[Dataset extract Boundary: Start]
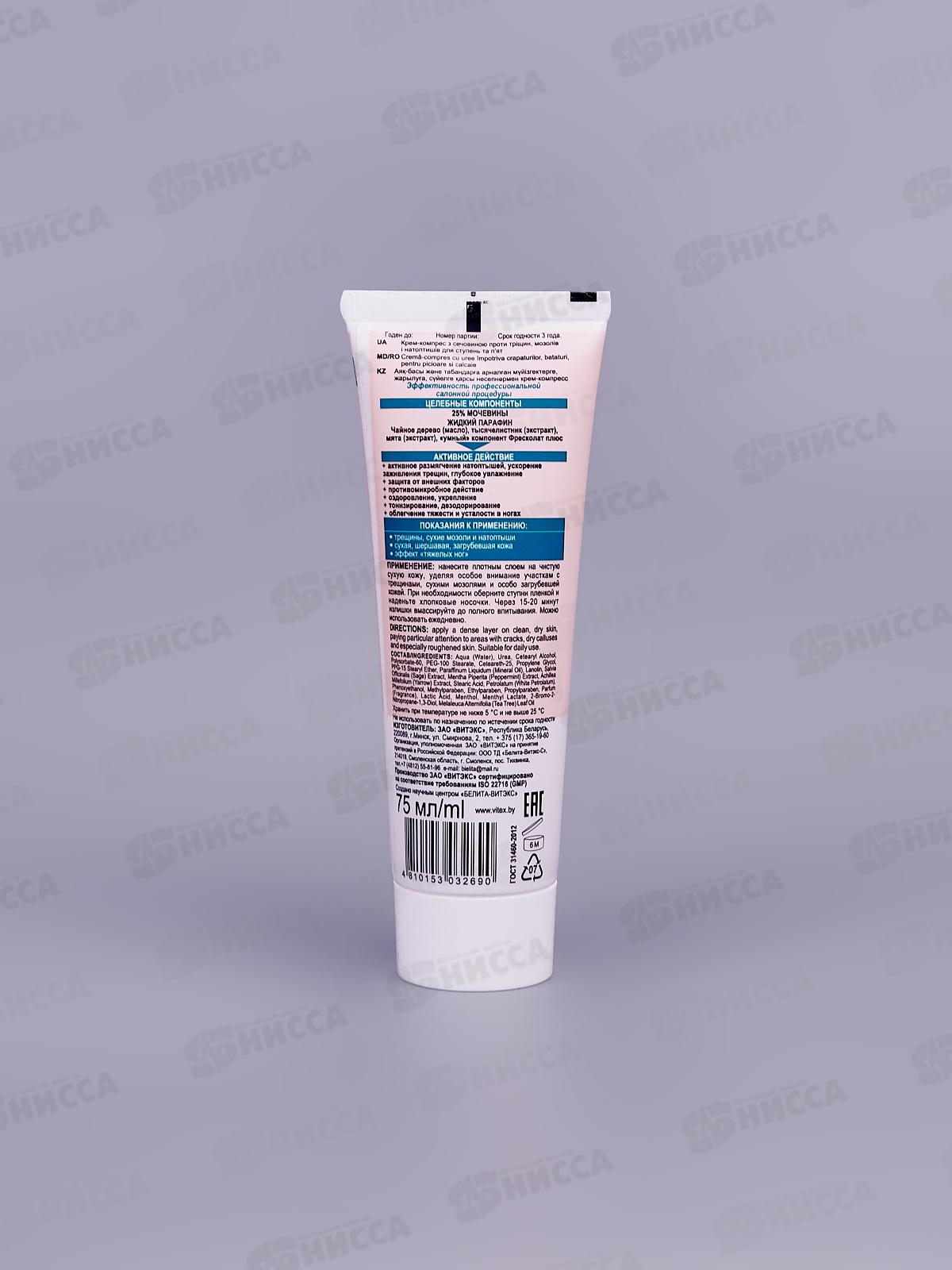 Парафинотерапия Крем-компресс для ног против мозолей и трещин 75мл *20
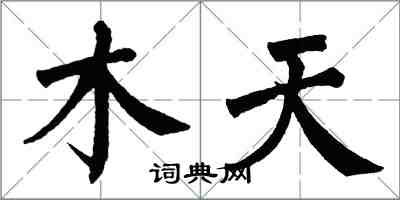 翁闓運木天楷書怎么寫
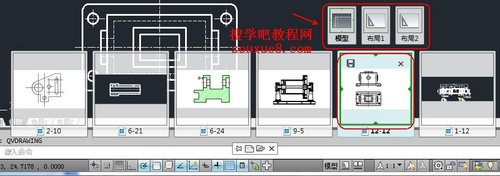 CAD教程：AutoCAD2013快速查看圖形按鈕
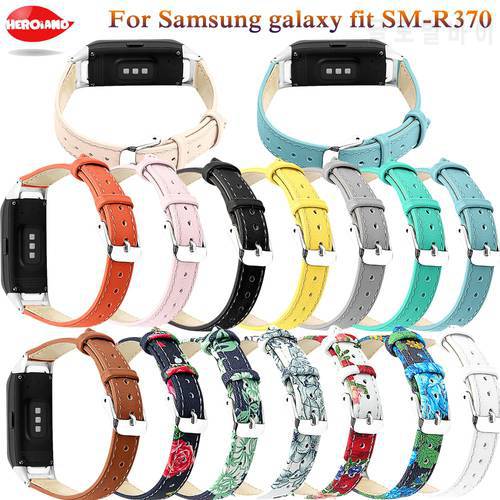 New fashion luxury Leather Strap for Samsung Galaxy Fit SM-R370 Watchbands Bracelet Fit For SM-R370 sport Smart Watch Strap Belt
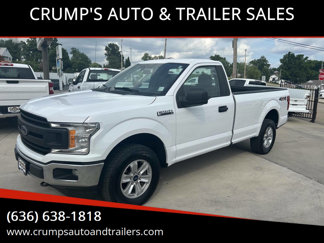 Used 2019 Ford F150 XL w/ Equipment Group 101A Mid image 1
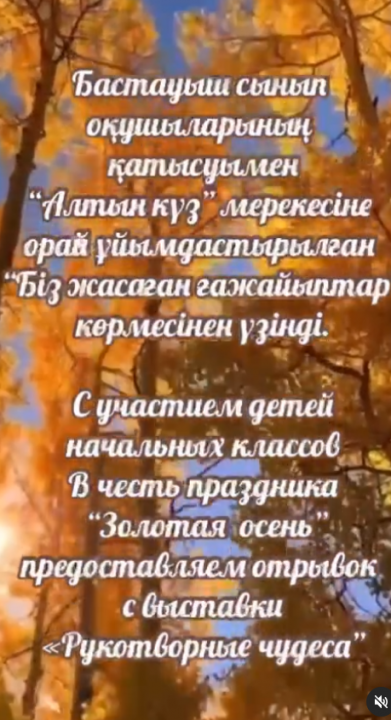 Біз жасаған ғажайыптар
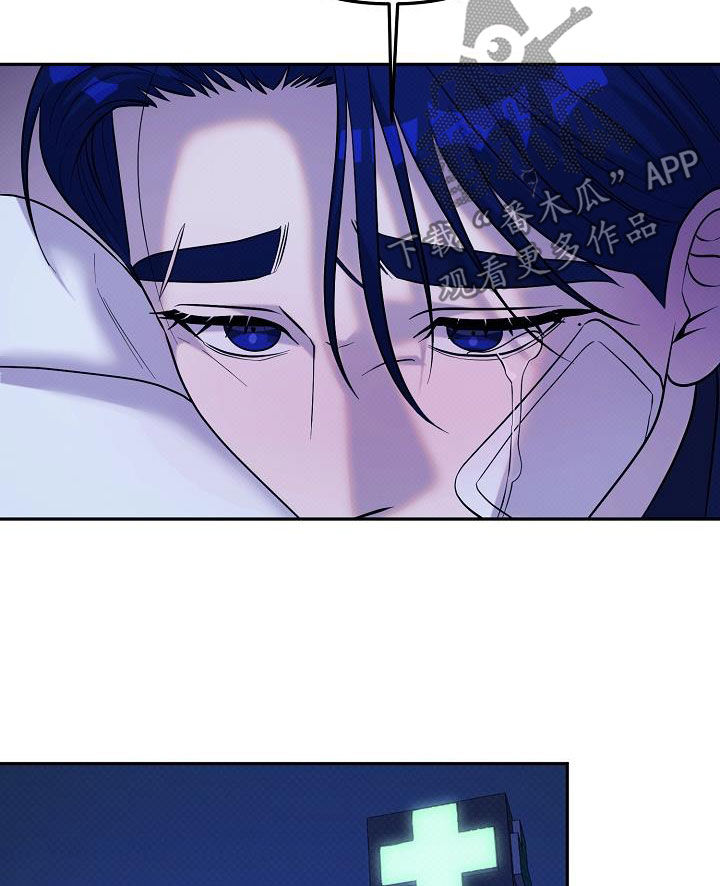 极限拉扯 - 第39话 - 第16张图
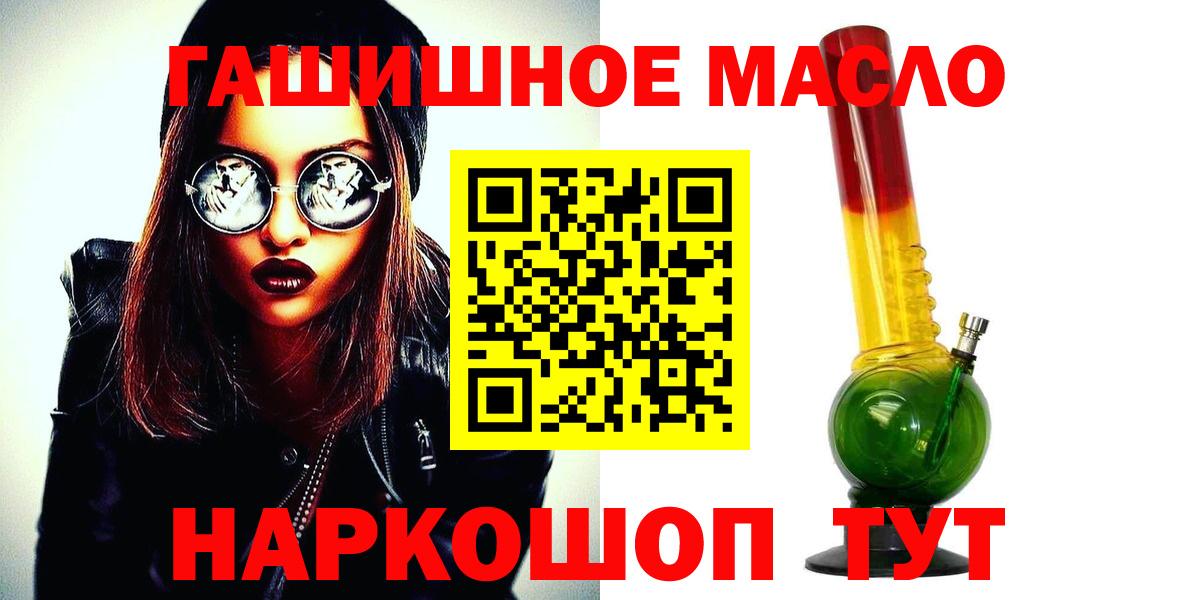 Дистиллят ТГК THC oil  Дистиллят ТГК вейп с тгк  Новомосковск  Вход с VPN 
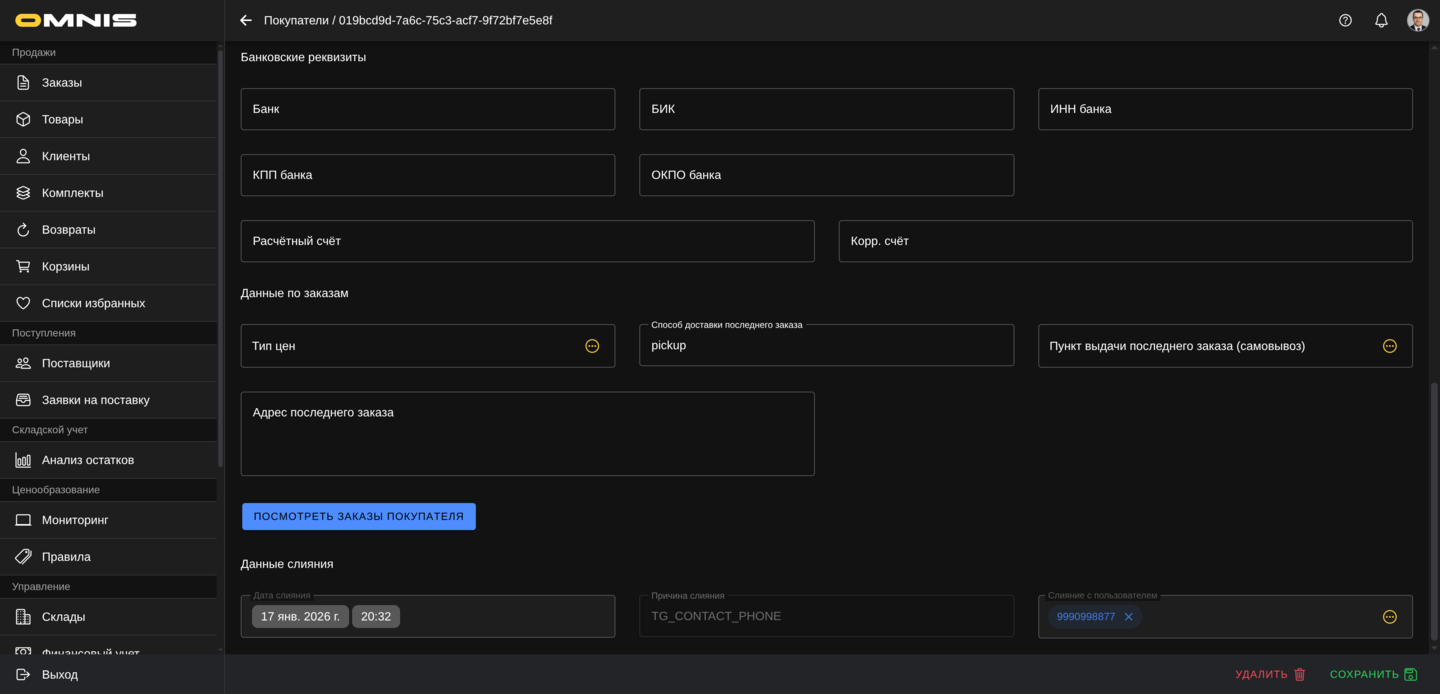 Пример системного слияния клиента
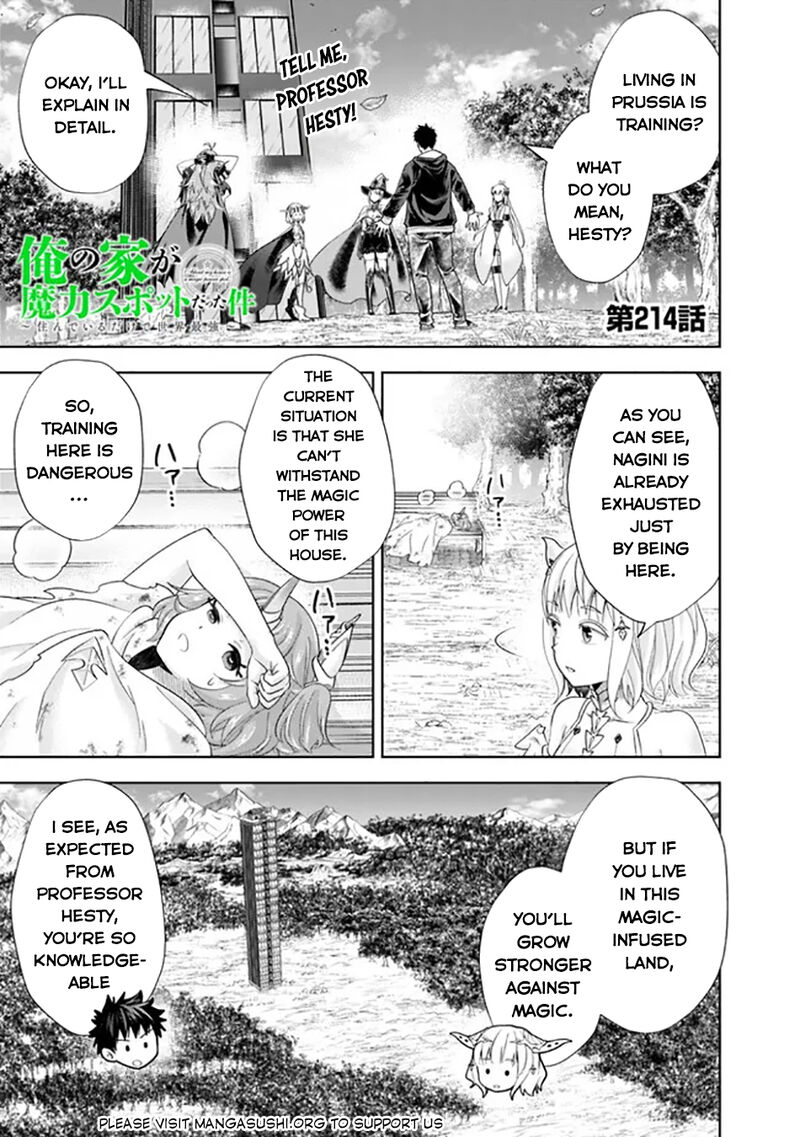 Ore No Ie Ga Maryoku Spot Datta Ken Sundeiru Dake De Sekai Saikyou 214 2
[Dataset extract Boundary: End]
None of the pictures should be kept; reproduce all the remaining material exactly.

#### Written response
 Парафинотерапия Крем-компресс для ног против мозолей и трещин 75мл *20
 翁闓運木天楷書怎么寫
 CAD教程：AutoCAD2013快速查看圖形按鈕
 New fashion luxury Leather Strap for Samsung Galaxy Fit SM-R370 Watchbands Bracelet Fit For SM-R370 sport Smart Watch Strap Belt
 Used 2019 Ford F150 XL w/ Equipment Group 101A Mid image 1
 Біз жасаған ғажайыптар
 极限拉扯 - 第39话 - 第16张图
 Дистиллят ТГК THC oil  Дистиллят ТГК вейп с тгк  Новомосковск  Вход с VPN 
 Пример системного слияния клиента
 Ore No Ie Ga Maryoku Spot Datta Ken Sundeiru Dake De Sekai Saikyou 214 2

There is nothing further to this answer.